_YOUR GOAL_
Write again exactly the lines in the listing below, starting at the line with "一面オレンジ色に染まった夕空" and ending at the line with "May include: Three", both included. Pictures are not copied.

_PROVIDED INFORMATION_
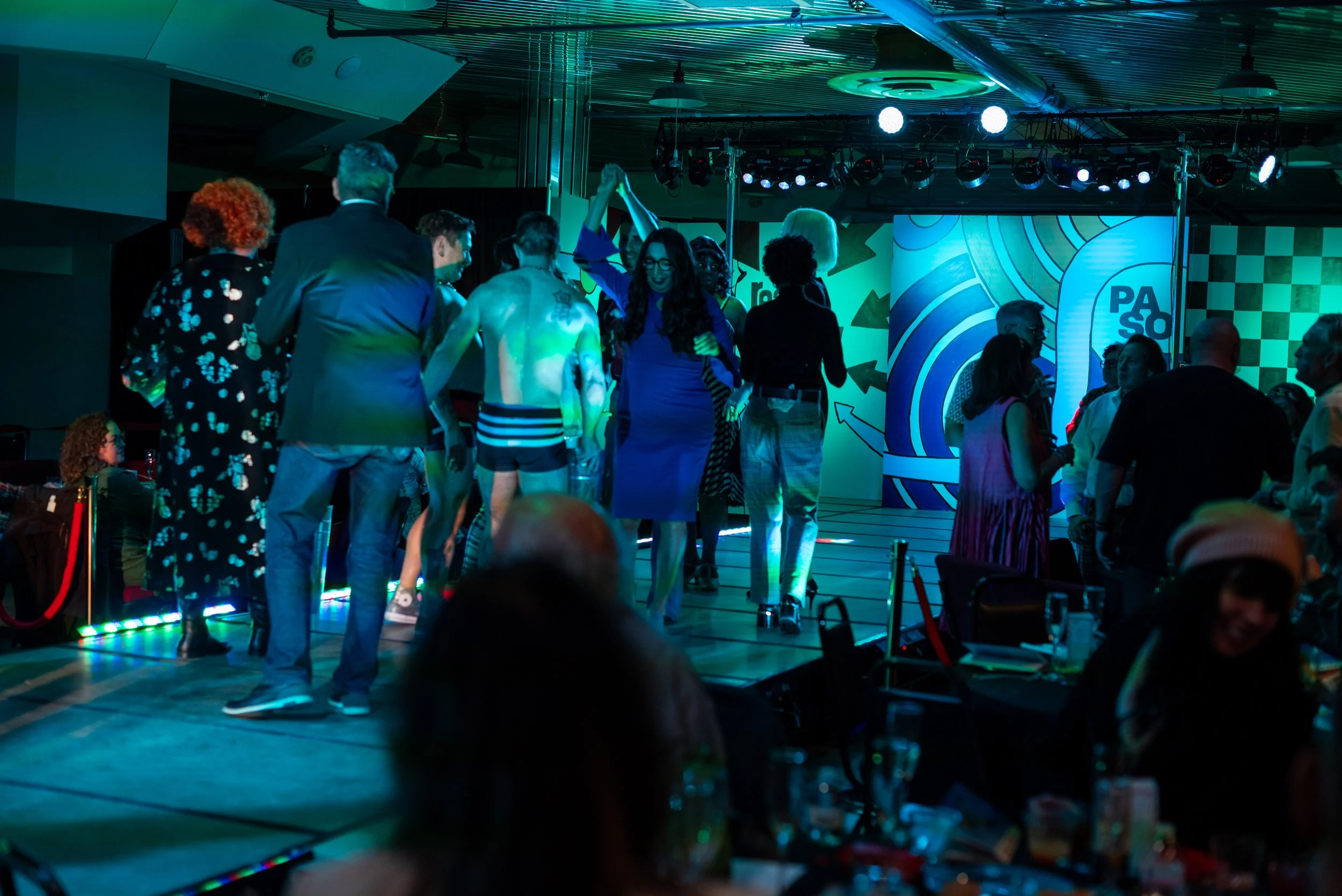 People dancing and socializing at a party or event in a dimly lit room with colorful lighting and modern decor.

...

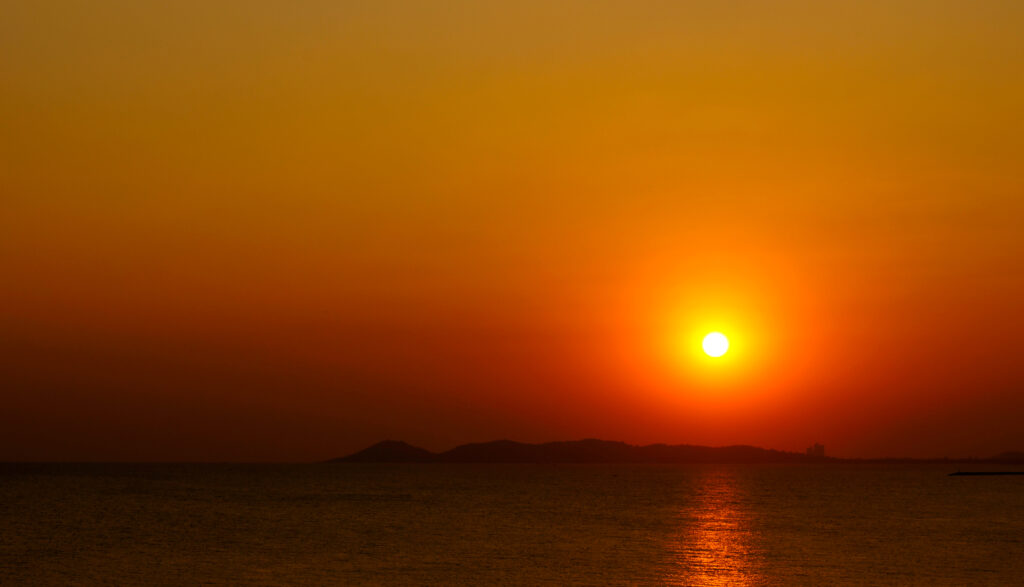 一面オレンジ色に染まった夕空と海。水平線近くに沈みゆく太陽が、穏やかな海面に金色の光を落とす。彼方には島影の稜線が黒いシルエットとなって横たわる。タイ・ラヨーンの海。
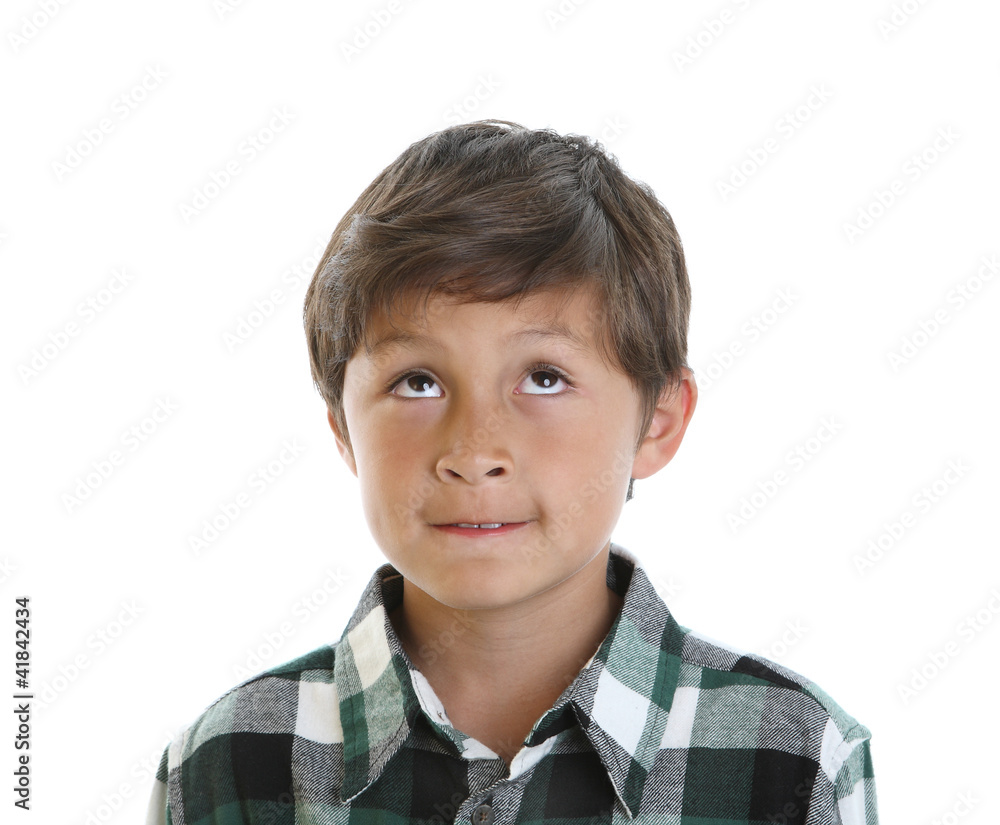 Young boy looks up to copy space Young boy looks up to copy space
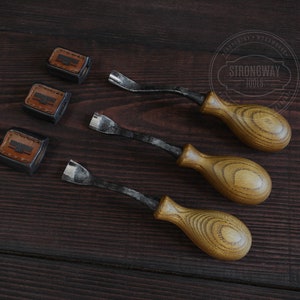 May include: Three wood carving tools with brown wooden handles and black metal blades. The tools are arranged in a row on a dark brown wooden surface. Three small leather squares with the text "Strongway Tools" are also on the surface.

--

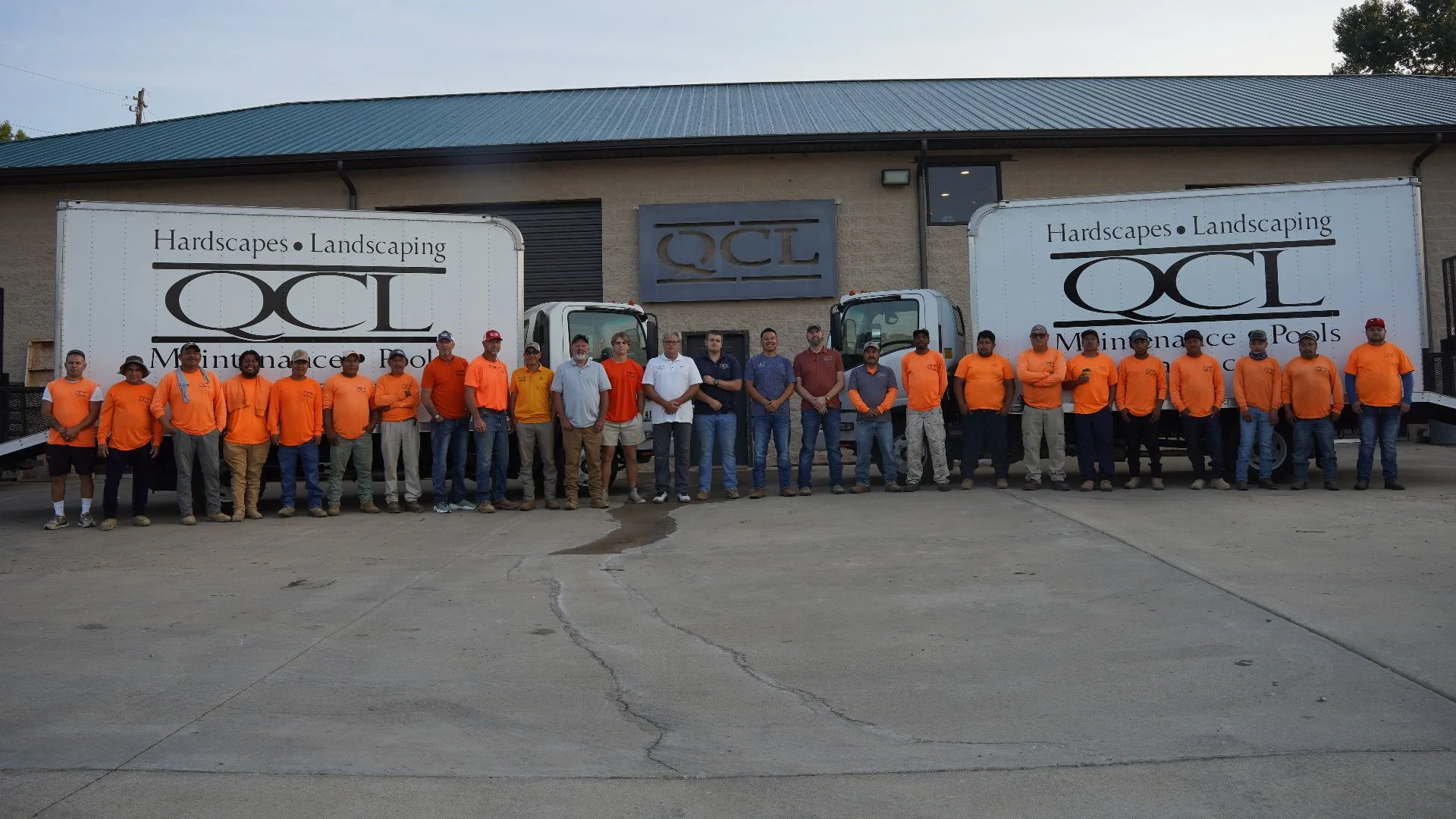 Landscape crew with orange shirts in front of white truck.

_RESULT OF THE EXERCISE_
 一面オレンジ色に染まった夕空と海。水平線近くに沈みゆく太陽が、穏やかな海面に金色の光を落とす。彼方には島影の稜線が黒いシルエットとなって横たわる。タイ・ラヨーンの海。
 Young boy looks up to copy space Young boy looks up to copy space
 May include: Three wood carving tools with brown wooden handles and black metal blades. The tools are arranged in a row on a dark brown wooden surface. Three small leather squares with the text "Strongway Tools" are also on the surface.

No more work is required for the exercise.